GENTRY (KFSM) -- The Wild Wilderness Drive Through Safari in Gentry is under investigation after a federal agency filed a complaint alleging the business neglected to properly care for the animals, resulting in the death of one of their lions.
The Animal and Plant Health Inspection Service, a division of the U.S. Department of Agriculture, filed the complaint on Jan. 10, 2017. The allegations of mistreatment or neglect span from January 2012 to November 2016.
The complaint alleges that a juvenile lion died in February 2013 after it strangled itself on a collar that was around its neck. The complaint states that safari members violated regulations by failing to handle the animals as carefully as possible.
Other issues outlined in the complaint include animals having inadequate, unsafe or dirty shelters; inadequate or unsafe fencing separating animals from the public; allowing the public to interact with animals unsupervised; and animals having insufficient veterinary care.

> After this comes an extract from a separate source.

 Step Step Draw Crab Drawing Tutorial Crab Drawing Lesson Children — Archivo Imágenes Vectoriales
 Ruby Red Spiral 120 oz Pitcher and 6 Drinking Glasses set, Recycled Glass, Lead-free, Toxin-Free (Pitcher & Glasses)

In January 2014, several primates were exposed to cold conditions, resulting in a spider monkey losing several digits from frostbite on its hands and feet, according to the APHIS complaint. Some animals were left in an unheated outdoor enclosure when the temperature was 34 degrees and it was snowing and sleeting.

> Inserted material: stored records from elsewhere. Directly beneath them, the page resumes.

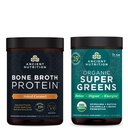 Bubuk Protein Tulang Nutrition Kuno, Salted Caramel, 20 Pelayan + Organik Supergreens Powder, Hijau Flavor, 25 Hamba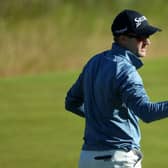Russell Knox reacts on the 10th green during the first round of the Genesis Scottish Open at The Renaissance Club in East Lothian. Picture: Andrew Redington/Getty Images.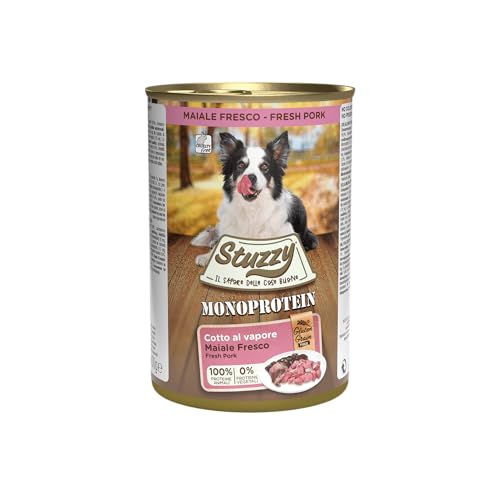 Stuzzy Monoprotein Cibo Umido per Cani con Maiale, 100% Proteine Animali, 0% Proteine Vegetali, Cotto al Vapore, Alimento Completo, 6 x 400  g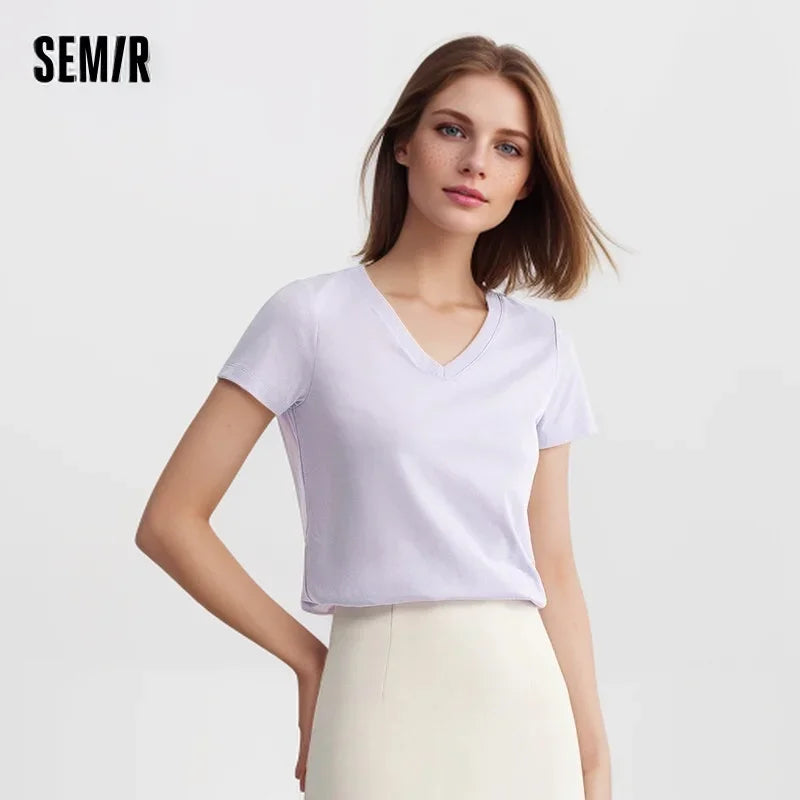 Semir Short Sleeve T-Shirt Women Slim V-Neck Positive Shoulder Simple 2024 New Antibacterial Summer Solid Colour Versatile T shi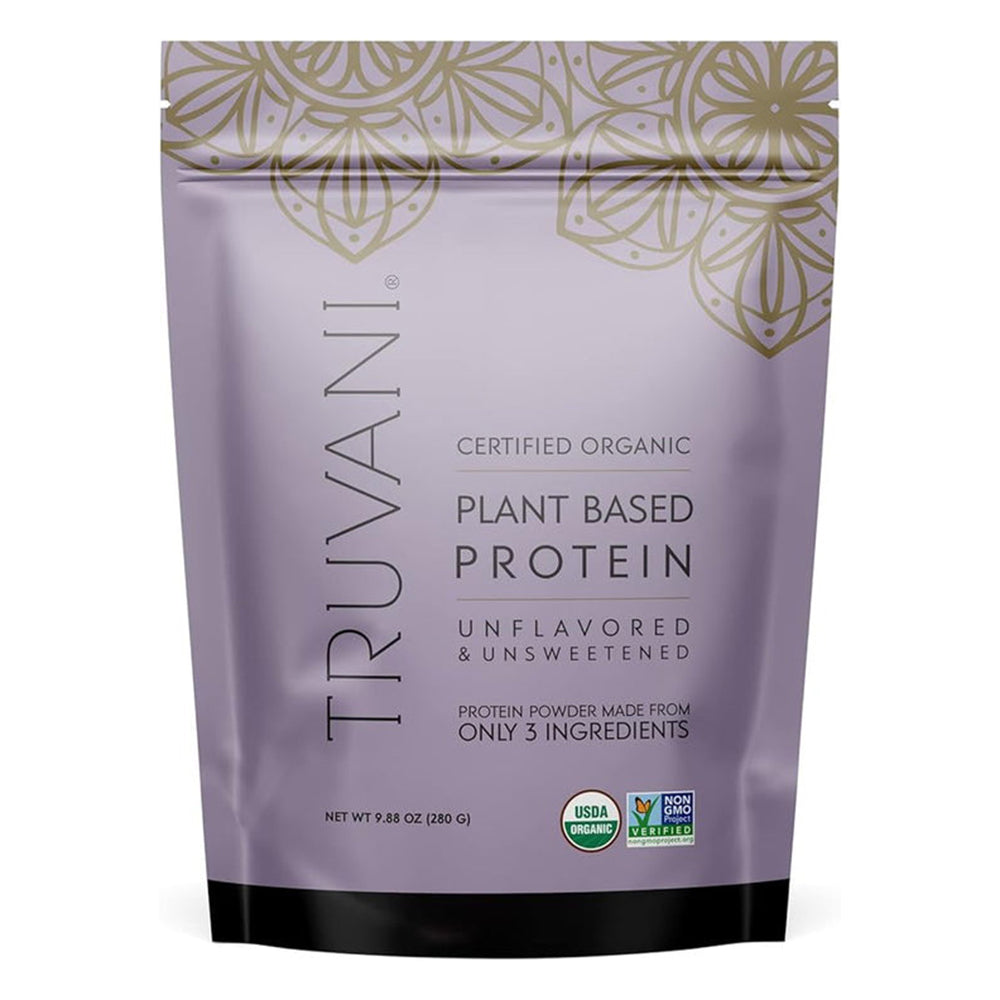 Truvani Organic Unflavored and Unsweetened Plant Based Protein Powder for Daily Nutrition and Muscle Support 9.88Oz (280g)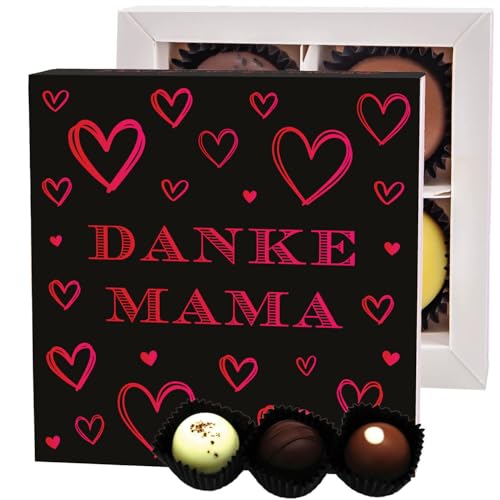 Hallingers Danke Mama - Manufaktur Pralinen Geschenk handmade ohne Alkohol aus Edelkakao Schokolade (Box) - Muttertagsgeschenk & Geschenkideen zum Vatertag | Danke Jahrestag Neues Zuhause Genesung von Hallingers Genuss Manufaktur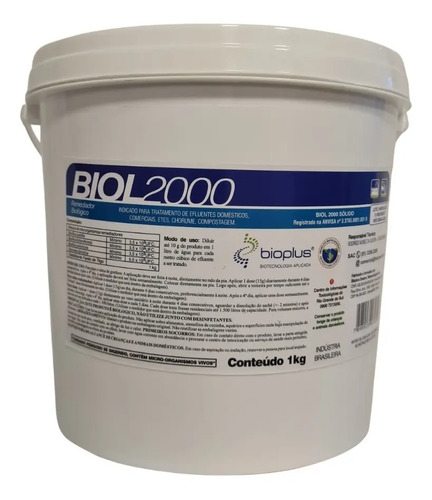 Biol 2000 bacteria limpa fossa caixa de gordura 1kg 1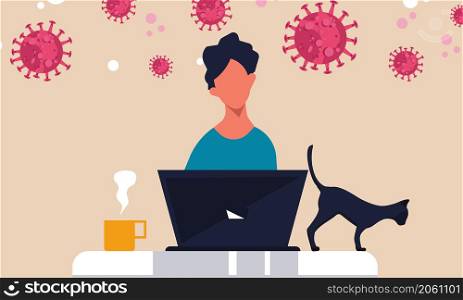 Bored man work from home health business office. Mental care character with laptop. Procrastination coronavirus people employee. Vector illustration social outbreak epidemic online freelance concept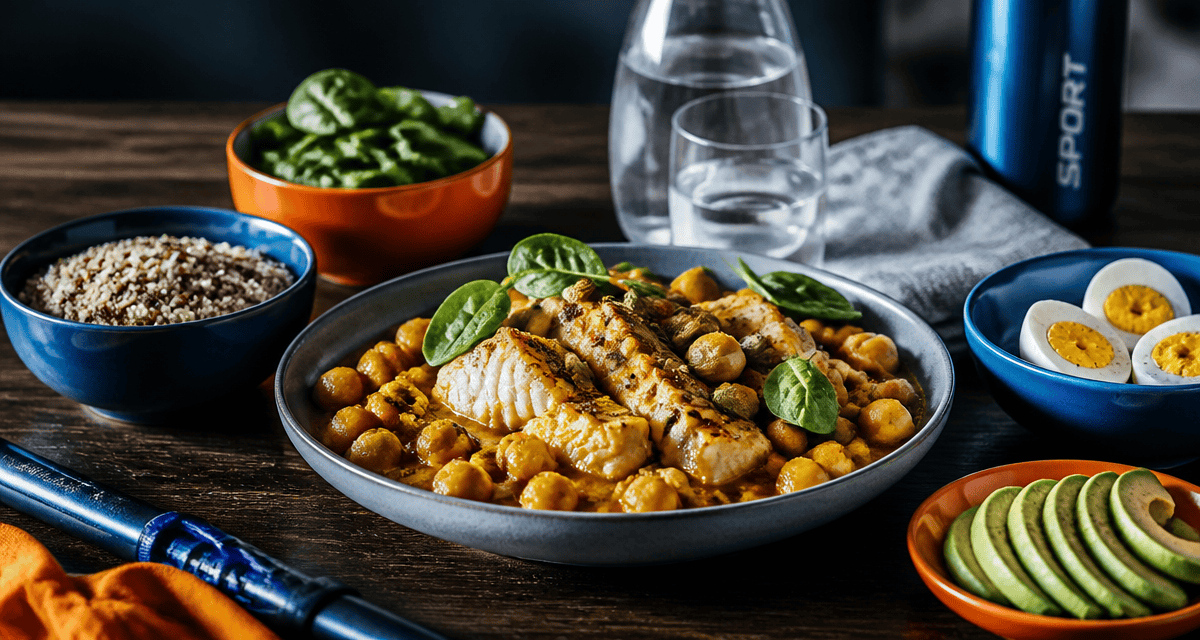 repas riche en proteine avec curry pois chiches colin et quinoa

In October of that year, there was not a sufficient barrier or distance between the public and a lion, and the safari allowed a park visitor to have direct contact with a lion.
The complaint also outlines several injuries that animals sustained, including an incident in January 2014 where an Olive baboon had a bent tail, which the baboon eventually chewed off.
In January 2012, an inspector found sheet metal had torn in the bear enclosure, which exposed sharp metal edges, the document states. Additionally several enclosures had an excessive buildup of waste and unclean water sources.
In November 2016, the APHIS reported that certain lion enclosures didn't have an adequate amount of shade, as the enclosures had no shade trees and only a tarp, which didn't provide shade for most of the day.
Leon Wilmoth, a manager at the safari said the complaint was not true.
He said every year they face some type of opposition like this as they try to renew their USDA license.
Wilmoth did say the lion cub mentioned in the complaint did happen but he told the USDA it was his fault.
He explained that the cub was going through some separation issues after its sibling was sold to an accredited zoo.
Wilmoth was trying to help the cub but had to leave during an emergency.
He said he should have taken the collar off but left in a hurry.
With as many animals as the zoo has, Wilmoth said some accidents will happen as he referred to to other violations outlined in the complaint.
Wilmoth said he was not ashamed of anything they do at the facility and is thankful for the the support shown by the community all these years.
“We’re here for several reasons one of them is not to make money," said Wilmoth. "We make ends meet but we’re here for the children.”